### DATA RECORDS
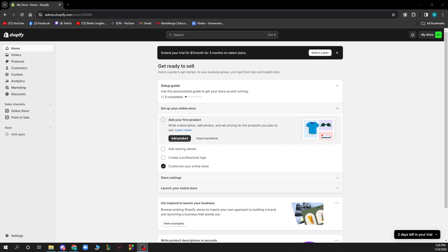So the first thing that you need to do is go to shopify.com and you'll be greeted by a screen like this.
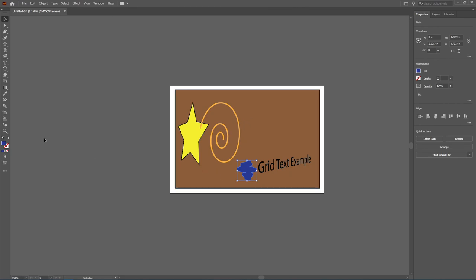So again, that was an overview of your perspective grid tool and your perspective selection tool.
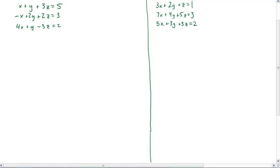Let's go ahead and look at the first one first. I've got a system of three equations, three variables, each one representing a plane. In order to find an intersection — whether it's a point, a line, or no intersection — the first thing I have to do is work through substitution, elimination, or graphing. It's the same thing you learned back in Algebra 1. We're going to work through elimination.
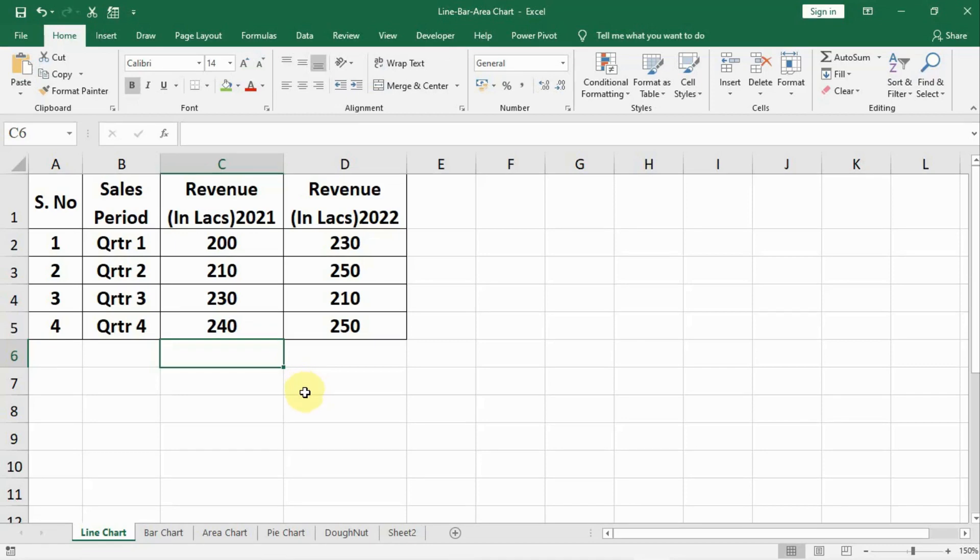Friend, in this lecture we will learn about three types of charts: line chart, bar chart, and area chart, and some of the formatting associated with charts.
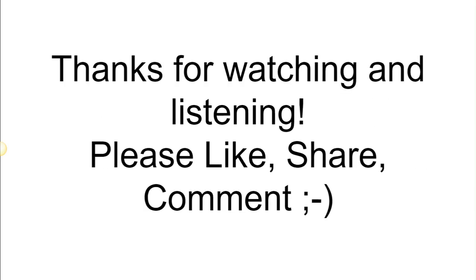Well, thanks for watching today and listening. If you liked this video and got some good knowledge from it, please like, share, and comment. See you next time, bye-bye.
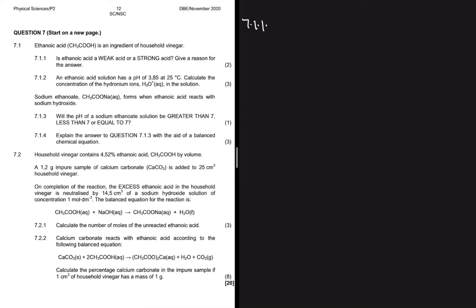7.1.1: Is ethanoic acid a weak acid or a strong acid? Give a reason for the answer. It's a weak acid. I'm saying it's a weak acid because it's an ingredient of household vinegar — if you pour a bit on yourself you don't get burned. But when they say 'give a reason,' they want the technical reason: it's considered a weak acid because it dissociates partially in water.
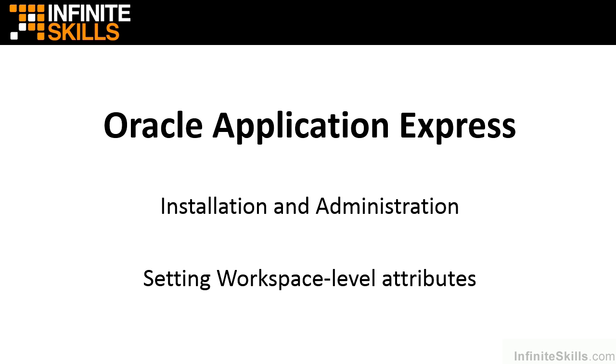In this lesson, we're going to take a look at setting attributes at the workspace level inside of Apex.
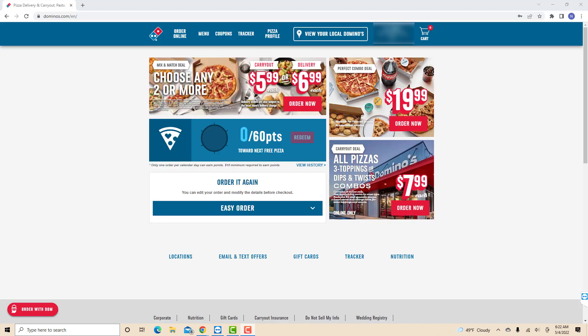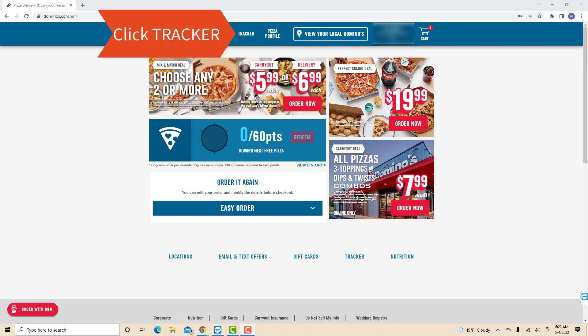Once you're signed in, you will see several tabs at the upper part of the screen. Click on the tab that says tracker.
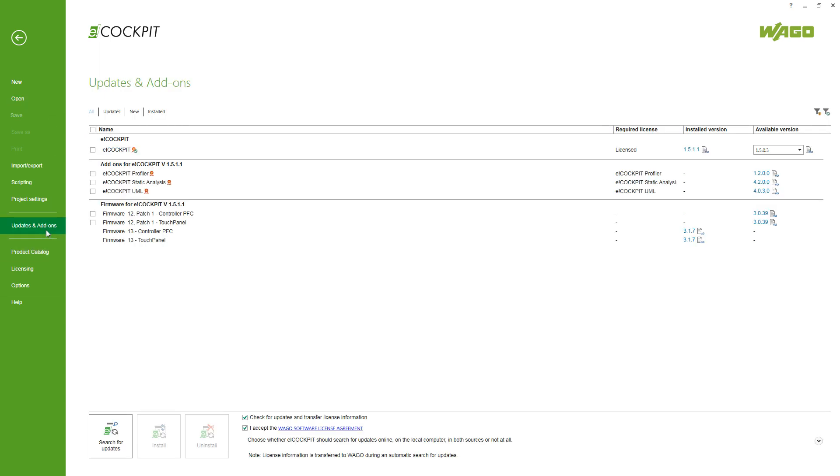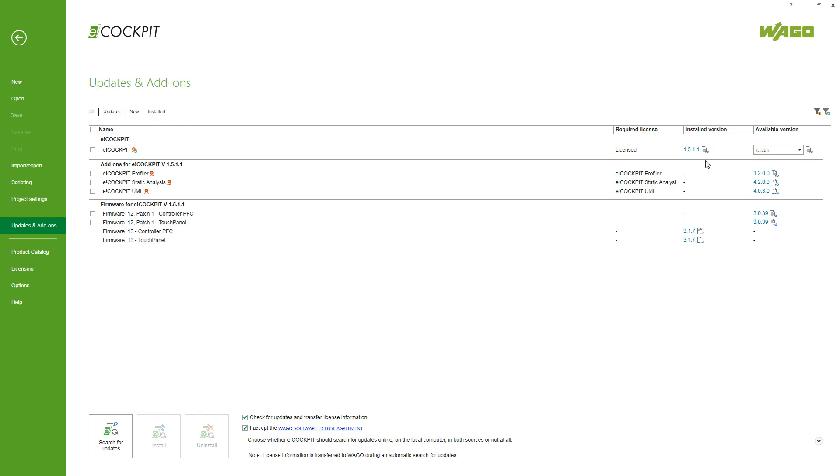Here we can see a list of available updates and add-ons and the most top is eCockpit. We can search for updates and can see now that the installed version for me is the 1.5.1.1 and the available version is the 1.5.0.3. So the available version is an older version and so I've got the latest version installed.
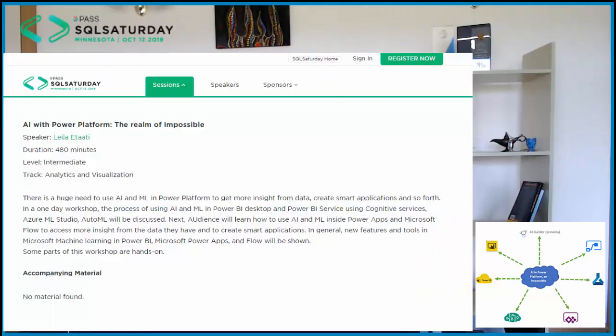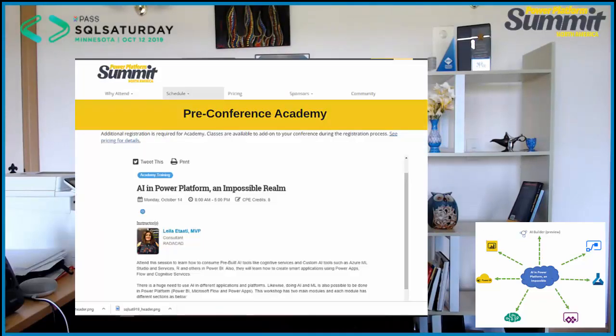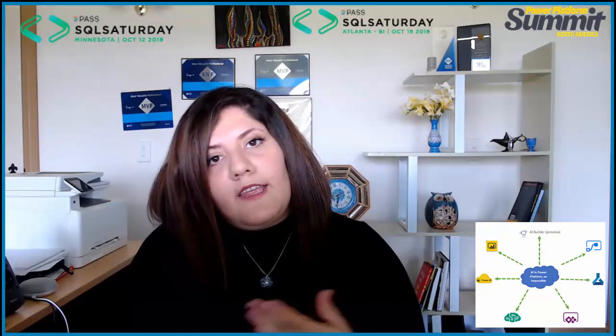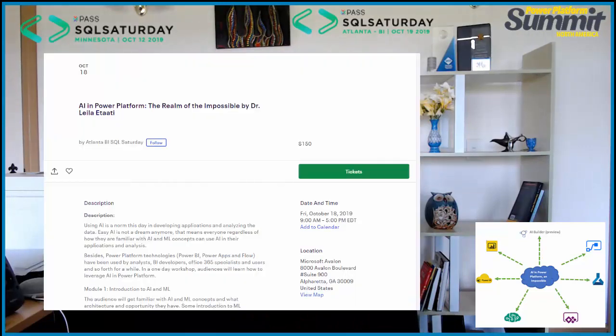I present a one-day workshop named AI in Power Platform that I will present first on the 11th of October at SQL Saturday in Minnesota, then I'm going to Orlando for Power Platform Summit on the 14th of October. After that, I'm traveling to Atlanta for the SQL Saturday BI Edition Atlanta on the 18th of October.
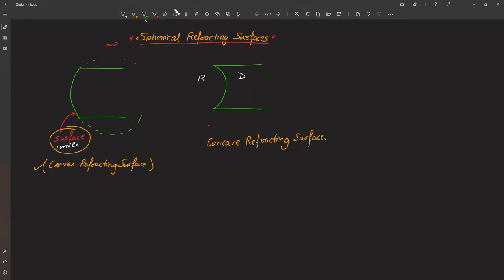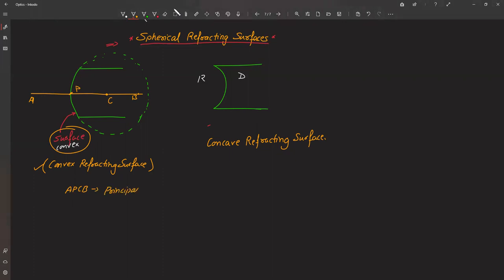In both cases, the spherical refracting surface is part of a big sphere. That sphere has a center and a radius. The center is called the center of curvature. From the center, if you draw a radius to the surface, the point where it meets the surface is called the pole, represented by P. The line extending along the same direction is called the principal axis, shown as A-P-C-B.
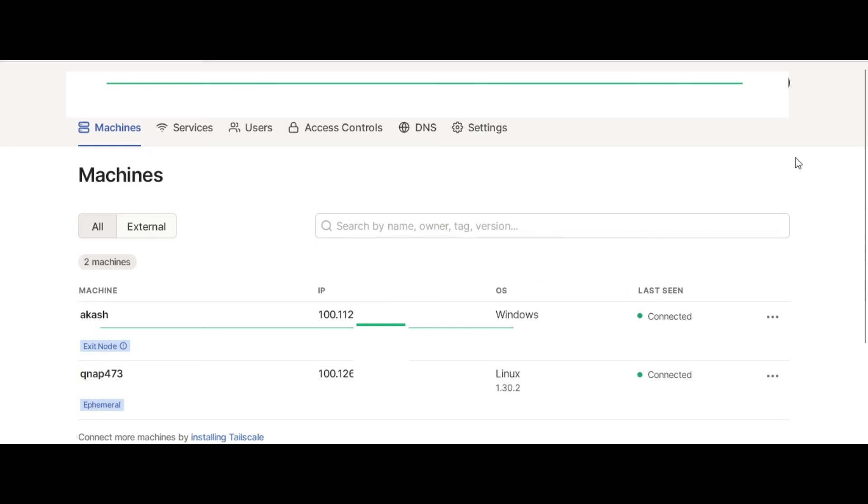If now you login to any Windows or Android or iOS machine with the Tailscale, you will be able to access your QNAP. This is it. If you have any questions or queries please feel free to ask in the comment section. Thank you.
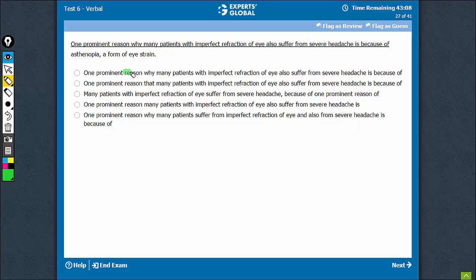I see a very basic error committed here — reason, because, and in E also, reason, because. So these three can be eliminated quite easily between C and D.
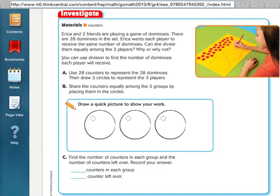Hi everybody, this is Ms. Nelson here, and today we are doing lesson 4.2 in our fourth grade Florida Go Math book, which is about remainders. This is actually going to be an easier lesson than you probably think it's going to be, because if you're in my class you've already had some of these kinds of problems before. We are going to use models to help us investigate remainders.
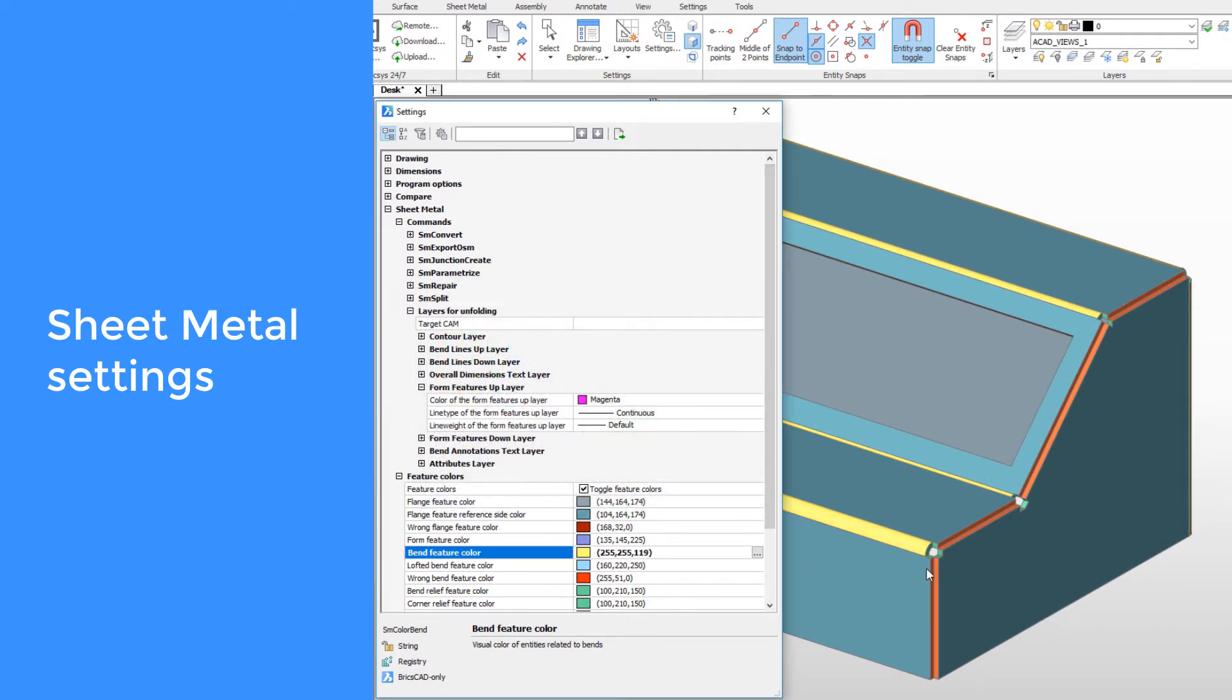The fourth is the modeling section, which controls model behavior during modeling operations.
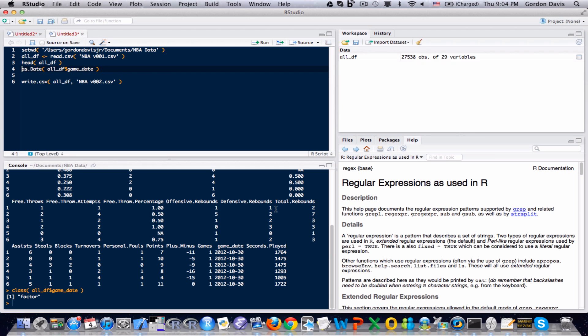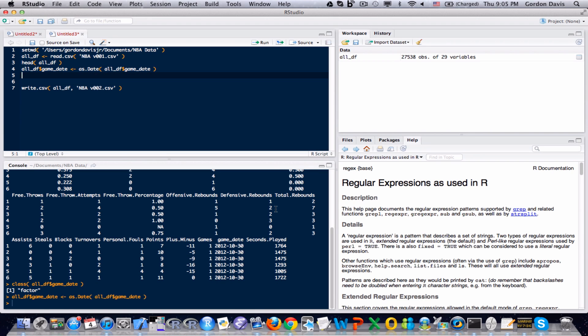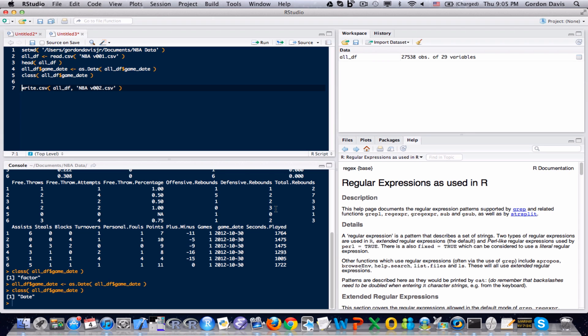We'll use the as.Date function, which is very similar to the as.Numeric function that I showed you in the previous video. What this line will do is take the gameDate field, convert it to a date, and store it in this exact same location that we did before. And to make sure that it did what we expected — now it is being read as a date. That's important because I need to use the fact that the data in there is a date in another part of this video.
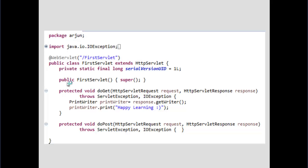In the previous tutorial we created a simple Servlet program and understood what an HTTP Servlet is, but we did not understand the internal details of the doGet and doPost methods. Today we are going to learn what doGet and doPost are, and the difference between them. Before that, we need to learn two methods called GET and POST.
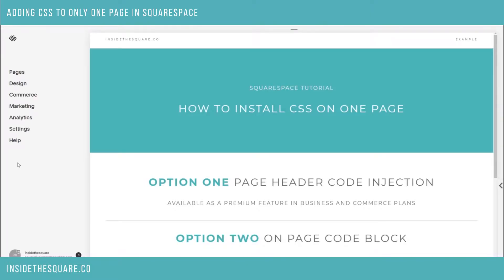Hello world, Becca here from Inside the Square, coming at you with a quick CSS tutorial. Today I'd like to show you how to easily install custom CSS on just one page in your Squarespace website.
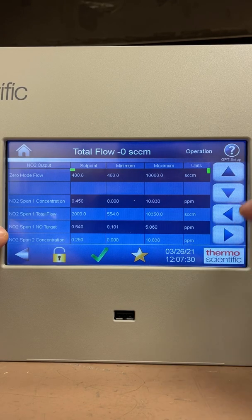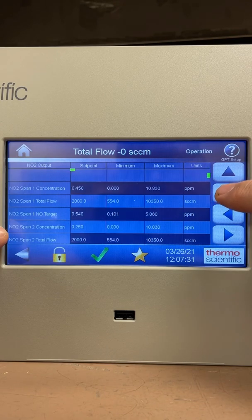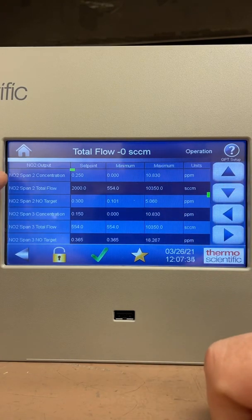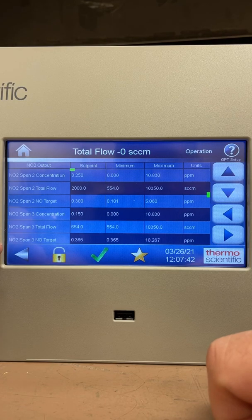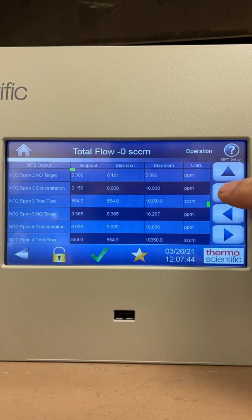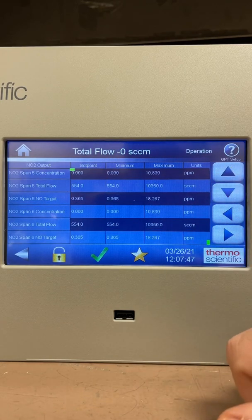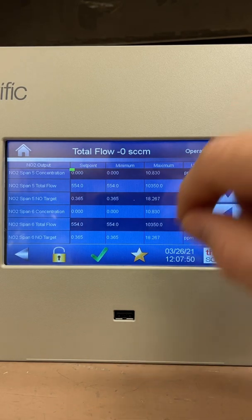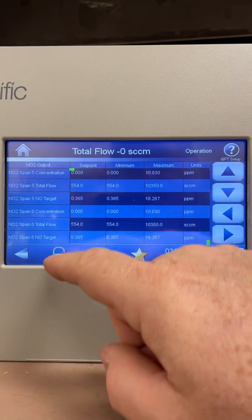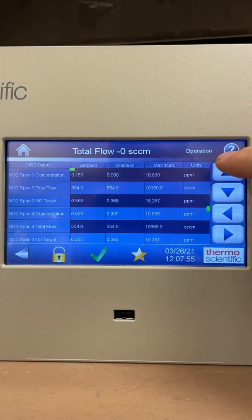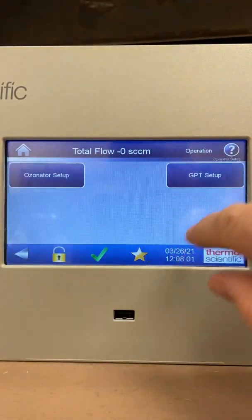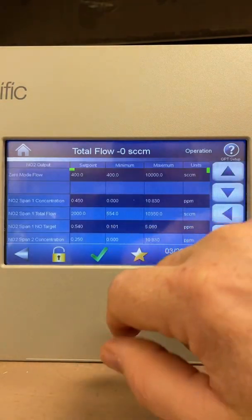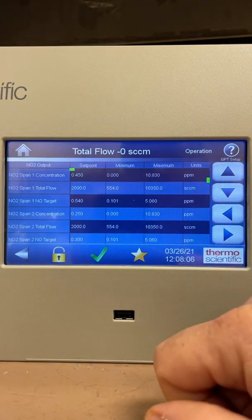For each span you also have span 2 concentration, total flow, and NO target, and span 3 concentration, total flow, and NO target — and this goes all the way down to span 6. You have 6 spans you can configure, each with a concentration, total flow, and NO target setting. This is where you preset all these values before beginning your GPT.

### WORK INSTRUCTION
With the pictures removed, set down the entire listing exactly.

### RESPONSE TO THIS TASK
So the first thing that you need to do is go to shopify.com and you'll be greeted by a screen like this.
So again, that was an overview of your perspective grid tool and your perspective selection tool.
Let's go ahead and look at the first one first. I've got a system of three equations, three variables, each one representing a plane. In order to find an intersection — whether it's a point, a line, or no intersection — the first thing I have to do is work through substitution, elimination, or graphing. It's the same thing you learned back in Algebra 1. We're going to work through elimination.
Friend, in this lecture we will learn about three types of charts: line chart, bar chart, and area chart, and some of the formatting associated with charts.
Well, thanks for watching today and listening. If you liked this video and got some good knowledge from it, please like, share, and comment. See you next time, bye-bye.
7.1.1: Is ethanoic acid a weak acid or a strong acid? Give a reason for the answer. It's a weak acid. I'm saying it's a weak acid because it's an ingredient of household vinegar — if you pour a bit on yourself you don't get burned. But when they say 'give a reason,' they want the technical reason: it's considered a weak acid because it dissociates partially in water.
In this lesson, we're going to take a look at setting attributes at the workspace level inside of Apex.
Once you're signed in, you will see several tabs at the upper part of the screen. Click on the tab that says tracker.
Here we can see a list of available updates and add-ons and the most top is eCockpit. We can search for updates and can see now that the installed version for me is the 1.5.1.1 and the available version is the 1.5.0.3. So the available version is an older version and so I've got the latest version installed.
I present a one-day workshop named AI in Power Platform that I will present first on the 11th of October at SQL Saturday in Minnesota, then I'm going to Orlando for Power Platform Summit on the 14th of October. After that, I'm traveling to Atlanta for the SQL Saturday BI Edition Atlanta on the 18th of October.
In both cases, the spherical refracting surface is part of a big sphere. That sphere has a center and a radius. The center is called the center of curvature. From the center, if you draw a radius to the surface, the point where it meets the surface is called the pole, represented by P. The line extending along the same direction is called the principal axis, shown as A-P-C-B.
If now you login to any Windows or Android or iOS machine with the Tailscale, you will be able to access your QNAP. This is it. If you have any questions or queries please feel free to ask in the comment section. Thank you.
I see a very basic error committed here — reason, because, and in E also, reason, because. So these three can be eliminated quite easily between C and D.
Hi everybody, this is Ms. Nelson here, and today we are doing lesson 4.2 in our fourth grade Florida Go Math book, which is about remainders. This is actually going to be an easier lesson than you probably think it's going to be, because if you're in my class you've already had some of these kinds of problems before. We are going to use models to help us investigate remainders.
The fourth is the modeling section, which controls model behavior during modeling operations.
We'll use the as.Date function, which is very similar to the as.Numeric function that I showed you in the previous video. What this line will do is take the gameDate field, convert it to a date, and store it in this exact same location that we did before. And to make sure that it did what we expected — now it is being read as a date. That's important because I need to use the fact that the data in there is a date in another part of this video.
In the previous tutorial we created a simple Servlet program and understood what an HTTP Servlet is, but we did not understand the internal details of the doGet and doPost methods. Today we are going to learn what doGet and doPost are, and the difference between them. Before that, we need to learn two methods called GET and POST.
Hello world, Becca here from Inside the Square, coming at you with a quick CSS tutorial. Today I'd like to show you how to easily install custom CSS on just one page in your Squarespace website.
For each span you also have span 2 concentration, total flow, and NO target, and span 3 concentration, total flow, and NO target — and this goes all the way down to span 6. You have 6 spans you can configure, each with a concentration, total flow, and NO target setting. This is where you preset all these values before beginning your GPT.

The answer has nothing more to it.